On n’aura jamais d’enfants, on n’emménagera probablement jamais ensemble, j’ai pas l’intention de me marier, j’ai juste l’intention d’être en amour le plus longtemps possible. Si ça dure toute ma vie, génial! Si ça dure dix ans, génial ! Si ça se finit le mois prochain, ça en aura valu la peine.
Est-ce que c’est l’avenir des relations de couple ? Certainement pas ! Est-ce que ça existe ? Fuck oui ! Est-ce que ça a plus de chances de mal tourner qu’un autre type de relation plus conventionnel ? Statistiquement, pas le moins du monde. Il y a tout autant de motifs que ça prenne le bord que dans n’importe quel autre couple. Parce que c’est exactement ce que c’est, une relation de couple comme les autres où on a simplement le droit d’aimer d’autres gens en bonus.
Ah ! Parce que oui, la courtoisie m’est étendue. Je n’ai ni le temps ni l’envie, mais si je voulais, ça se pourrait. Tout le monde peut bien voir qui il veut, parce qu’au final ça ne regarde personne d’autre que les principaux intéressés. C’est la magie dans tout ça, vivre des trucs avec d’autres personnes n’invalide aucunement ta relation avec qui que ce soit. Au fait, ça c’est le bruit du concept de la jalousie qui s’envole par la fenêtre, on lui fait des bye bye !

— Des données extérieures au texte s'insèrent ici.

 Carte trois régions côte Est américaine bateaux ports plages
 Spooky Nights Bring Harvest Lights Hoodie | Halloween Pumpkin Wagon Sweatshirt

Peut-être que la monogamie c’est définitivement pas pour tout le monde.
Peut-être que la monogamie c’est définitivement pas pour tout le monde.
Je me demande combien de gens se sont cloitrés dans une structure relationnelle qui ne leur convient pas, simplement parce qu’il y a un tabou sur tout ce qui ne s’appelle pas « mariage monogame, on fonde une famille et on patiente jusqu’à devenir grands-parents ». Je laisse ça sur la table, vous en faites ce que vous voulez.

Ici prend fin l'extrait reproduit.